Quote from empee:
I'm referring to generally speaking. EVEN if an investor made money over 20 years, the risk/reward when considering inflation, the amount of comissions, transaction charges (loads, etc) means IMHO that an "investor" in mutual funds has lost. (that is, in absolute terms they might have made money but they also assumed all the risk, meaning if there had been a crash and the market never came back the mutual funds would have still collected their fees, thus if you assume all the risk and split the return 50/50% with the mutual fund I consider that losing).
A good example of this is most mutual funds versus buying an index like DIA or SPY, after calculating all the fees the most funds severely lag the results if one had put them in the index fund.
So, I'm not asking if in freemarkets people can make money. I'm asking, in the bigger sense, that in freemarkets most people lose.

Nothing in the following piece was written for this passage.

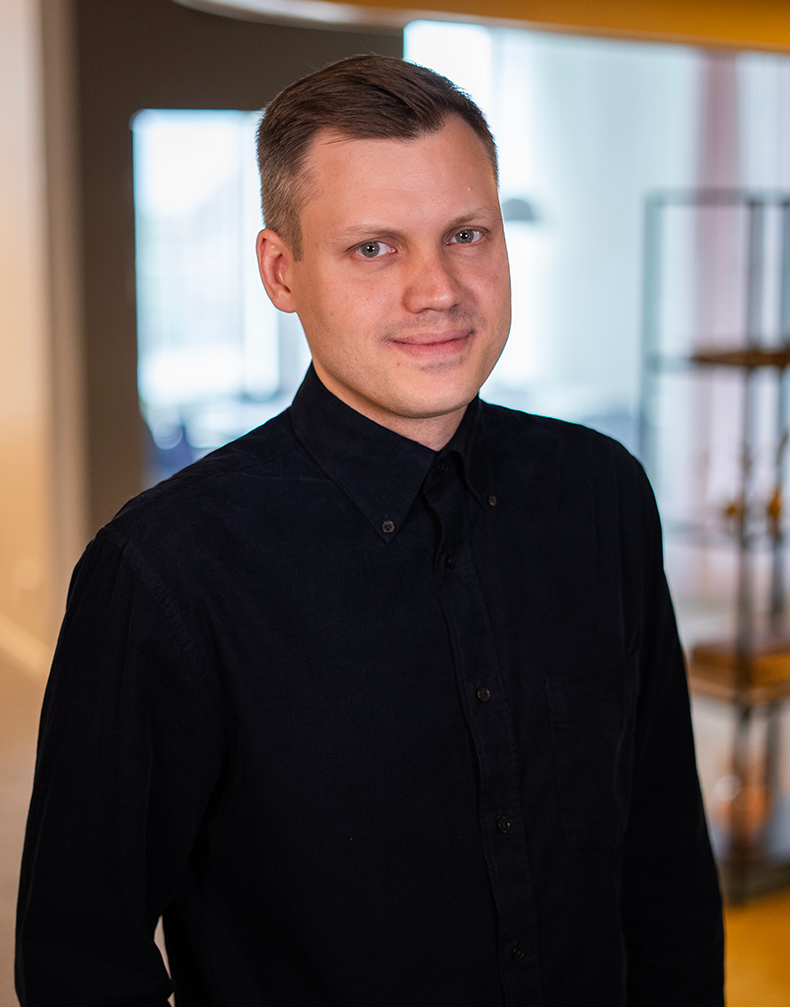 Bild på >Digitaliserings- och IT-chef Alexander Hellgren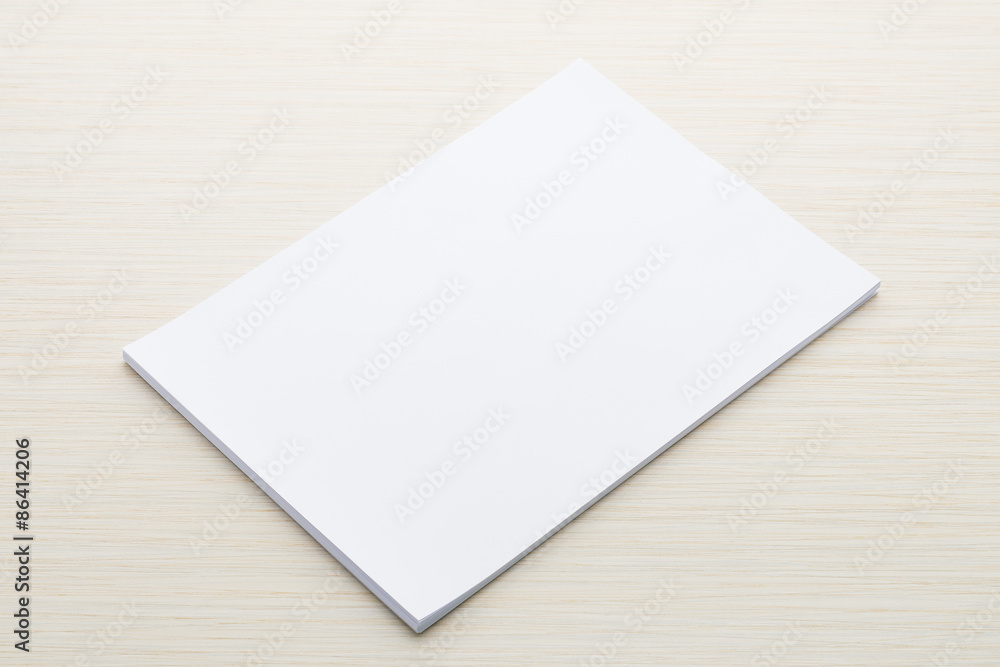 White paper mock up White paper mock up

Often at tops volume spikes (also at bottoms), someone is on the wrong side and someone is on the right side. My opinion, is that while the absolute shares traded are even, there are fewer buyers, buying a lot when most people are selling, and fewer people selling larger lots when most people are buying.
This would agree with the above statement. I think its interesting because the theory is that in free markets everyone succeeds. (I'm not arguing there is a better system, etc. I'm just curious watching trading, volumes, business publications) what most traders think since most of the public thinks the public benefits by free markets.